Roger Bate is a resident scholar at the American Enterprise Institute and the author of “Phake: The Deadly World of Falsified and Substandard Medicines.” His research is published in the journal Research and Reports in Tropical Medicine.
Some drugs that the World Health Organization (WHO) has approved for distribution to the world’s poor are of inferior quality — shoddy products that hurt people who urgently need medicine — and some of the manufacturers, predominantly Chinese and Indian firms, may be knowingly producing them. This is the conclusion of my research teams’ studies, published this week in the journal Research and Reports in Tropical Medicine.
We purchased, off the shelf from local pharmacies, about 2,600 drugs to treat malaria, tuberculosis and bacterial infections in low- and middle-income countries, including Ghana, Nigeria, Turkey, India and China. We then tested these drugs to see how much active pharmaceutical ingredient — the chemical that performs the drug’s lifesaving function — they contained.
Drugs made by Chinese and, to a lesser extent, Indian manufacturers performed quite badly — sometimes a fifth of them failed basic quality-control tests. Most worryingly, more than 15 percent of the Chinese drugs approved by the WHO failed to include adequate amounts of active pharmaceutical ingredient.
To add insult to injury, some of the drugs we tested had been bought through Western donor programs, funded by taxpayers, and steered through aid programs to African markets.
Some of these drugs were likely outright fakes. Others were real but badly manufactured, perhaps to cut corners.
How do we know? Poor-quality drugs can have either too little or too much of the active pharmaceutical ingredient. We tested many different batches of the same drug produced by the same manufacturer and found that a few were consistently under-dosed. We didn’t find any drugs with too much of the active ingredient.
By exposing people to insufficient doses of the active ingredient, the drugs may also accelerate drug resistance and cause tremendous harm to whole populations in the long run. Here’s how:
When a person takes a drug containing too little of the active ingredient, some of the parasites or bacteria are killed. But the strongest germs survive, mutating and evolving into more resilient strains. Drug resistance is already making it difficult — in rare cases, impossible — to treat malaria and tuberculosis, diseases that kill millions of people each year. And our governments, which spend billions on aid programs designed to stop them, may inadvertently be causing harm by increasing access to substandard treatments.

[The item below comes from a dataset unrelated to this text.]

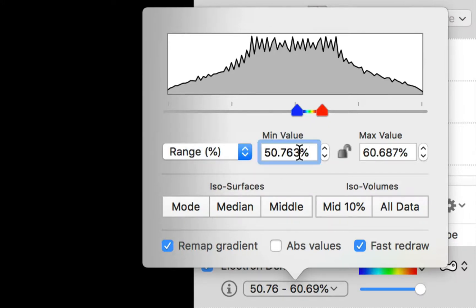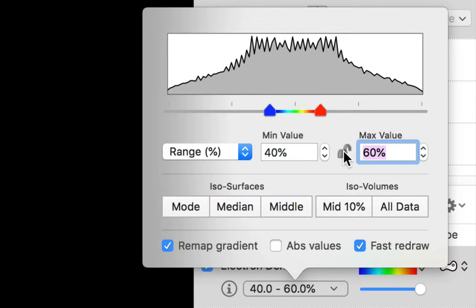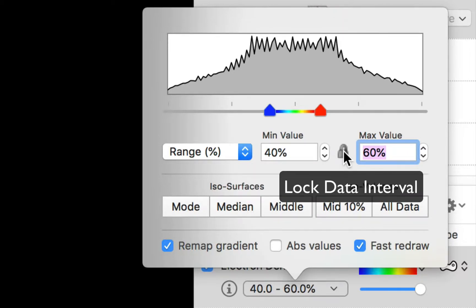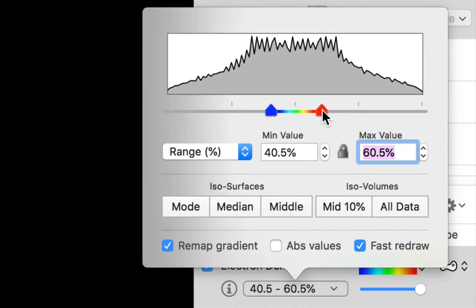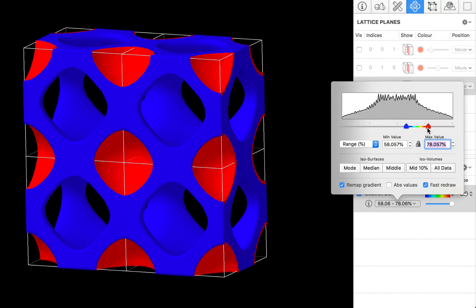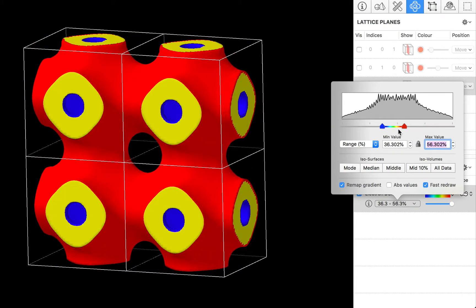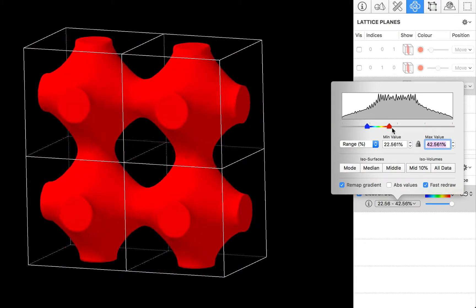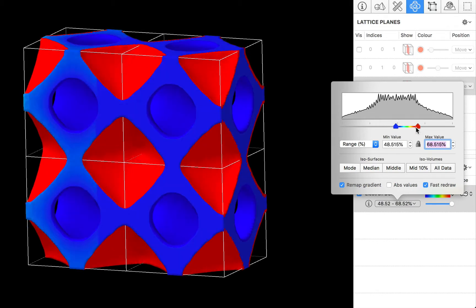So we might want to look at data between say 40% and 60% of our data range. Now what's quite nice is that you can use the little padlock here to lock that range interval. And then you can change the range by using these stepper controls and the minimum will change as well as the maximum. Or you can go to the scroller here and we can click and drag. It's actually a slider control and we can click and drag to investigate a fixed interval but with different starting and ending values.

To be clear, these donors did not knowingly buy bad medicine. As a rule, they purchase only drugs approved by a respected regulator, such as the U.S. Food and Drug Administration, or the WHO. But testing the actual drugs sold on the market, as we did in our studies, is a rare exercise.
In the United States, the President’s Malaria Initiative conducts some testing, but many other donors don’t. Bernard Nahlen, deputy coordinator of the initiative, said it had bought drugs for distribution but sent them back to the manufacturers because of quality issues. “There need to be checkpoints throughout that system,” he said.

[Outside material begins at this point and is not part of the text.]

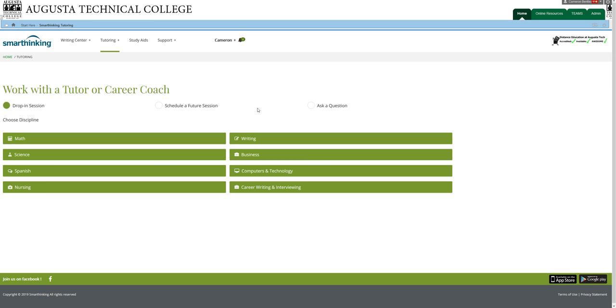You can put your notes up there for the tutor to see and go over with you. You can practice a problem on a whiteboard, and the tutor can point out whether you've made a mistake somewhere in it. And then the tutor can work on something with you demonstrating how to do something. So that's the live tutoring option.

However, regulators in poor countries such as Angola or Kenya — where we found many substandard drugs — have few resources to pick up the slack.

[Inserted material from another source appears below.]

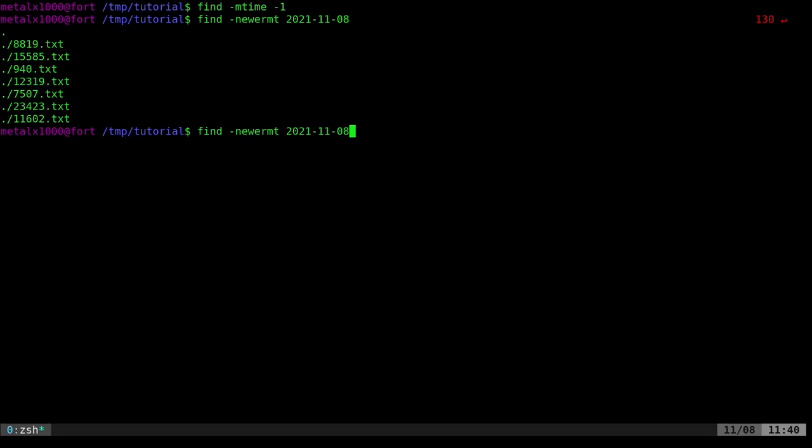Of course, if you were to alias this or create a script for it, something you could do would be to use the date command, plus percent capital F. And so that will put in today's date, whatever it is. So you can create some sort of shortcut for this if this is a command that you're going to have to run regularly, or if you're going to put it in a script and you don't know what day it's going to be, you just want that.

The reality is that once a manufacturer gets the green light to sell its drugs in Africa — sometimes through the lucrative donor programs — there are often no consequences for failing to maintain a high standard of quality.
The Chinese and Indian manufacturers making substandard drugs are often significant producers, certainly capable of making high-quality products — they did so to obtain WHO approval. But given available, albeit limited, data, they are not doing so consistently.
With little or no oversight, these companies may be cutting corners in the manufacturing process — or worse, watering down the active ingredient in their drugs, perhaps when the price of the raw material spikes and supply becomes harder to obtain. The drug most often with too low a dose in our samplings, for instance, involved the hard-to-getartemisinin, a key antimalarial ingredient.
The WHO has launched an investigation into the product failures we’ve reported, but it lacks the resources to do much more. Even if Beijing tries to bring the hammer down on its lucrative pharmaceutical industry, it is unlikely to properly address the corner-cutting found in so much of Chinese production. So the burden must fall on Western governments. After all, their citizens’ tax dollars — and the lives of millions they purport to help — are on the line.
Donor governments should urgently step up post-market surveillance and increase penalties for repeat offenders. If three product failures occur from the same manufacturer in a given year, that company should lose approval status with the WHO — and across all of its registered products.
If donor governments took drug quality as seriously in Africa as they do in their own countries, they could save lives and increase the impact of the public health programs taxpayers fund.